The SDE criterion is defined by:

$$ S D E=\sqrt{\frac{1}{N}{\displaystyle \sum_{h=1}^N{\left({e}_h-\overline{e}\right)}^2}} $$
(12)
$$ {e}_h={P}_h^a-{P}_h^f $$
(13)
$$ \overline{e}=\frac{1}{N}{\displaystyle \sum_{h=1}^N{e}_h} $$
(14)

where e h is the prediction error at hour h and ē is the average error of the prediction horizon.

The variability after fitting a prediction model is a measure of the uncertainty of a model, which can be measured through the evaluation of the variance of the prediction error. The prediction is more precise if this variance is smaller [15, 26]. From definition (12), daily error variance can be evaluated as:

$$ {\sigma}_{e, day}^2=\frac{1}{N}{\displaystyle \sum_{h=1}^N{\left(\left|\frac{P_h^a-{P}_h^f}{{\overline{P}}_h^a}\right|-\left({e}_{day}\right)\right)}^2} $$
(15)
$$ {e}_{day}=\frac{1}{N}{\displaystyle \sum_{h=1}^N\left|\frac{P_h^a-{P}_h^f}{{\overline{P}}_h^a}\right|} $$
(16)

5 Result

5.1 Case study and numerical Results

The DSA approach has been applied for short-term wind power forecasting in a microgrid wind farm in Beijing, China. This wind farm has a single wind turbine unit with a generation capacity of 2500 kW. NWP meteorological forecasts and historical wind speed and power data are the main data inputs for training. The influence of input parameter dependency on the accuracy of the prediction has been analyzed by dividing the input data set into different subsets.

The prediction horizon is 1 day with a time-interval of 1 hour. Time series of NWP weather forecast, actual SCADA measurement of wind speed and actual SCADA measurement of wind power for the wind farm are recorded from the 1st May 2014 to the 31st April 2015. The forecasting information is given for 4 days corresponding to the four seasons of a year (July 21, 2015, October 15, 2015, January 4, 2016 and April 13, 2016). Thus, days with specifically good wind power characteristics are purposely not selected. This results in an irregular accuracy allocation throughout the year that shows the reality.
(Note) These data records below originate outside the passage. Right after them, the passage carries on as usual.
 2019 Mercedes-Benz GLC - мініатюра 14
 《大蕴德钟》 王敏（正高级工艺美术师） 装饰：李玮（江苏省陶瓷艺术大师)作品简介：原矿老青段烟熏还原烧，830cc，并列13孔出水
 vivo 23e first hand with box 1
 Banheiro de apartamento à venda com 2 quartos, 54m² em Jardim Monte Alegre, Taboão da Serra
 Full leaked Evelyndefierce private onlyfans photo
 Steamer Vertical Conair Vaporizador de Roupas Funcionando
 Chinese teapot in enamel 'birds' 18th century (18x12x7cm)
Numerical results with the DSA approach are shown in Figs. 4, 5, 6 and 7, respectively for the winter, spring, summer and fall days. Each figure shows the SCADA actual wind power record with the forecasted wind power by the proposed approach.

Fig. 4
figure 4

Actual wind power vs. forecasted wind power for a winter day

Fig. 5
figure 5

Actual wind power vs. forecasted wind power for a spring day

Fig. 6
figure 6

Actual wind power vs. forecasted wind power for a summer day

Fig. 7
figure 7

Actual wind power vs. forecasted wind power for a fall day

Table 1 gives the values of the criterions used to evaluate the accuracy of the DSA approach in predicting wind power. The first column shows the day, the second column gives the MAPE, the third column gives the square root of the SSE, the fourth column gives the RMSE, and the fifth column gives the SDE.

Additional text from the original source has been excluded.